Emma’s boyfriend, Leon, suddenly and inexplicably cuts her out of his life completely, untagging photos of them online and pretending that she doesn’t exist. When he goes Facebook official with another girl, Emma decides it’s time to stop stalking Leon and instead, find a better way to use the internet. Her new blog, titled EDITING EMMA chronicles her attempts at internet dating, baking, and discoveries about her Mum’s weirdly dysfunctional relationships. Trouble is, the new improved Emma might not actually be all that improved.
I suspect I’m going to show my age here (or just that I’m an introverted prude), when I say that I just didn’t get the constant blogging. While reading I just found myself asking rather Mumsy questions like:
- Why would you put this much private information on the interweb?
- Where is she finding the time to blog this much?
- How does she write such long posts on her phone? I can’t see anything on that tiny screen.
I ended up pretending that Emma was keeping an old-fashioned pen and paper diary just so that I could manage to read a few pages of the book without blurting out how things have changed since my day (I’m nearly 32 by the way, I didn’t grow up in the dark ages or anything but Facebook didn’t exist until I was at university and it was another five years before it even got close to today’s epic level of over-sharing), but even so this made it pretty hard for me to get into the book.
That said, I found Emma as a character pretty lovable. I love the way that Chloe Seager portrays her as a totally flawed individual that we can all relate to. We’ve all spent way too long after a break up checking out an ex’s social media pages, or told a little white lie on a first date, or accidentally shared a post/text/email with people that weren’t supposed to see it. And I suspect, most of us have dealt with the sure sense that the world is over following these indiscretions with the same dignity and aplomb that Emma musters!

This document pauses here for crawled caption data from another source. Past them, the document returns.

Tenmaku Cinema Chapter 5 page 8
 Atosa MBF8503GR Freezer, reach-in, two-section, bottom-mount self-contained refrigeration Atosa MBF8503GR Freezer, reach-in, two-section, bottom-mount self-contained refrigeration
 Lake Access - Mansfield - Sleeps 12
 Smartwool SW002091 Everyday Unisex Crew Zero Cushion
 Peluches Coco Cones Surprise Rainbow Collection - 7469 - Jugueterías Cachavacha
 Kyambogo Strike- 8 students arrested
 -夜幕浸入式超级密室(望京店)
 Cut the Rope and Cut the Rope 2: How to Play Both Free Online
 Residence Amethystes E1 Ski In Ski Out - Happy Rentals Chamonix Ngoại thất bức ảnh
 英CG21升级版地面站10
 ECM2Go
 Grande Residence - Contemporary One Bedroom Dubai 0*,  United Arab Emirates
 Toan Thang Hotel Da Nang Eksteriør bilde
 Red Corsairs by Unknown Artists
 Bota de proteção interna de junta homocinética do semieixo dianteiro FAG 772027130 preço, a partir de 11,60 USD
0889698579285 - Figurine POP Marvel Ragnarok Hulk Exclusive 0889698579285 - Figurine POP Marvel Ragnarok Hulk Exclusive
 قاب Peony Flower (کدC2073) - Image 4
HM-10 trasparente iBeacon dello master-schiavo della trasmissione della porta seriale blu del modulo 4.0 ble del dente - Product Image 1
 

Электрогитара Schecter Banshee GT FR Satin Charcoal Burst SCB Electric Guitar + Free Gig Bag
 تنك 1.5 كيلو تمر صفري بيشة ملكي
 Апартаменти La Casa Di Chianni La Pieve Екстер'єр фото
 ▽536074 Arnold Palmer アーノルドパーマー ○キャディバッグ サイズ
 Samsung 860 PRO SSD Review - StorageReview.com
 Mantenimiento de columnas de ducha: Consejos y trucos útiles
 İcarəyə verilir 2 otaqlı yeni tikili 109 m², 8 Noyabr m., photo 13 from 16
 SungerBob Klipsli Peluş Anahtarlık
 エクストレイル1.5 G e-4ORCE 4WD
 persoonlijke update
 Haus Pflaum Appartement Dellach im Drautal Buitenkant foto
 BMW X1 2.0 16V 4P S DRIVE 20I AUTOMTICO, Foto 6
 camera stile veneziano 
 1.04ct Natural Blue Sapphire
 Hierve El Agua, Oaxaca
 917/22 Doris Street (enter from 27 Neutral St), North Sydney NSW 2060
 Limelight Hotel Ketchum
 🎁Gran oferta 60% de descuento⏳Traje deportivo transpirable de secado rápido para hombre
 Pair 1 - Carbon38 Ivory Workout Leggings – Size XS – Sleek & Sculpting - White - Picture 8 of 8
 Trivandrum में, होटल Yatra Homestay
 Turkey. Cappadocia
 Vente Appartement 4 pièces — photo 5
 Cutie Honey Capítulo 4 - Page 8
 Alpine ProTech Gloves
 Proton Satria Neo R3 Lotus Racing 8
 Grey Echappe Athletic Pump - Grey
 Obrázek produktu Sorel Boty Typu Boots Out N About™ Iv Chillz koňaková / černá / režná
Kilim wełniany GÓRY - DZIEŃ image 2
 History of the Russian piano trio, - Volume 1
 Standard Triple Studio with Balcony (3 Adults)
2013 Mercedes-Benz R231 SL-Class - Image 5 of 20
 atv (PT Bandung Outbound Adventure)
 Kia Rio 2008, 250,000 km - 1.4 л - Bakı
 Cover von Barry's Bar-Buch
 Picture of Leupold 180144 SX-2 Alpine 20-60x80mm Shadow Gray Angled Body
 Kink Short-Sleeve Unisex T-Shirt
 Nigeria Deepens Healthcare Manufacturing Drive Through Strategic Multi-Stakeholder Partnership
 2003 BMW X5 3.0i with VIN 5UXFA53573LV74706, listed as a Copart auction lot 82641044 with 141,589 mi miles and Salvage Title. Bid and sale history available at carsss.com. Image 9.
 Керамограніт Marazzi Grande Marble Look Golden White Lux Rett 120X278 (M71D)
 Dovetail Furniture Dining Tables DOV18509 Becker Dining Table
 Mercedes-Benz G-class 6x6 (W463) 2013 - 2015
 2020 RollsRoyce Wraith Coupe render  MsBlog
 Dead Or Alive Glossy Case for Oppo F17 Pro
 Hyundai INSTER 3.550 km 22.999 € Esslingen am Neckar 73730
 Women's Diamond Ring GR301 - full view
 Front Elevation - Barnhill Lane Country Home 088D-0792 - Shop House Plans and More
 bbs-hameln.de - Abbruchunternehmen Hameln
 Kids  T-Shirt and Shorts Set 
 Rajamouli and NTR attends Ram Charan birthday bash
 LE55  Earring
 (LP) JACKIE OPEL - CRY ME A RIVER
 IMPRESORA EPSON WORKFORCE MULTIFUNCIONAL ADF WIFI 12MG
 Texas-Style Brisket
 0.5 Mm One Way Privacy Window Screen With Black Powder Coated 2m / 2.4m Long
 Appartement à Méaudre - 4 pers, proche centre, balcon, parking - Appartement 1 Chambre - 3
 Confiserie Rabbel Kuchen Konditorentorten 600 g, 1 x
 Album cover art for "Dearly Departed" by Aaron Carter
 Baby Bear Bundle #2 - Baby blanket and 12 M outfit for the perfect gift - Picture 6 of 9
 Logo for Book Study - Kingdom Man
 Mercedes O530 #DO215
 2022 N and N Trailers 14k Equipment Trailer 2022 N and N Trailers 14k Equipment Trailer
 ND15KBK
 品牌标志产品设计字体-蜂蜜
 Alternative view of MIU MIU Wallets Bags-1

These ‘we’ve all been there’ situations are mixed in with some less common occurrences; telling people about the time you staked out your Mum’s boyfriend whilst in disguise is probably less likely to be met with a chorus of “oh my god, me too”, but it does make for pretty good comedy. I actually wish that there had been some more completely ridiculous situations à la Bridget Jones, I think this would have made the book laugh-out-loud-funny rather than just tiny-smirk-to-self-when-reading-funny.
The difficulty that I had with getting my head around the premise coupled with the too predictable happy ending (no spoilers so I won’t go into this) makes this book the Bradley Cooper of the funny young adult genre for me: personally, I don’t get it but I’d totally understand if someone else said they love it.